この試合も大変ヘビーで、ハードな試合となりました。志田選手もメンジヴァー選手も今までの戦歴、実績も、きちんと裏打ちのある選手です。両選手ともにオーソドックスな闘い方をする選手なので、どういう展開になるのか分からない試合でした。両選手共にオールラウンドで闘える選手なので、もう少し色々な展開で闘うのかな、というイメージもありましたが、試合はフルラウンド、終始スタンディングの打撃に殆どのウエイトがかかりました。1ラウンドは全く互角でした。志田選手が細かく入りながら、小さな速いパンチを積み重ね、メンジヴァー選手は少し外側から入ってくる左フック等、フック系に変化を与えながらの攻撃と、入り際、離れ際のパンチコントロールが凄く上手い打撃の応酬でした。序盤、志田選手が打撃の中で、テイクダウンを狙いに行く場面も見られましたが、まだまだメンジヴァー選手の体も切れていましたから、なかなかそれを許さない展開の1ラウンドでした。2ラウンドに入り勝負を分けたのは、中盤のメンジヴァー選手のフックです。これがものの見事に志田選手を捕らえました。志田選手は軽い尻餅気味で倒れ、そこからグラウンドに入り、メンジヴァー選手が強いパウンドを放つ展開となりました。

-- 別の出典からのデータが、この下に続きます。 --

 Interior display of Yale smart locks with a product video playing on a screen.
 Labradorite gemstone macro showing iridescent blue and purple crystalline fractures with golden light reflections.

試合後、志田選手と話をした時に、あの時はやはり意識が無くなったそうです。そして少し戻って来た時に、これはまずいと初めて思ったとの事です。その位1発1発の威力と破壊力があります。通常であれば志田選手が技術でテイクダウンを取る部分も、メンジヴァー選手は強い背筋力と脚力で凌ぎ切りました。そういう意味のトータル的なフィジカルの部分も高い水準の選手だなと、メンジヴァー選手は印象付け、2ラウンドのポイントを取りました。志田選手は3ラウンドに巻き返して行きますが、なりませんでした。ただこれは2ラウンドのワンパンチでシーソーゲームが傾いただけなので、総合力に、それだけ差があったという事ではないと思います。私は唯一、メンジヴァー選手に2ポイントを付けています。これは2ラウンド、3ラウンドの攻防の中で、何がポイントかというと、極めに行くという姿勢の中で、更に1本を取って勝ちたい、完全に相手を倒して勝ちたいという気持ちが、ちゃんと技術に裏打ちされて出て来ているところに、私は2ポイント付けました。実力差が2ポイント差あるという事ではありません。この試合の流れに対して2ポイントという事です。2人のクオリティーの高さというのが絡み合っての2ポイント差です。志田選手は怪我上がりの復帰戦という事もありましたが、そういう事を感じさせない、本当に安定した志田選手らしい試合でした。ただ若干いつもに比べたら、足から動いて行くという事が薄れたかもしれません。少しだけ頭から手からというのが見えました。いつもであれば、もっと踏み込みが深く強かったのですが、ちょっとだけ突っ込んでいた部分が見られたところを、改善してもらいたいなと思いました。メンジヴァー選手はクオリティーが高いというのが十分判ったので、フェザー級の水準の高さを見せてくれる様な、次の試合を期待したいなと思います。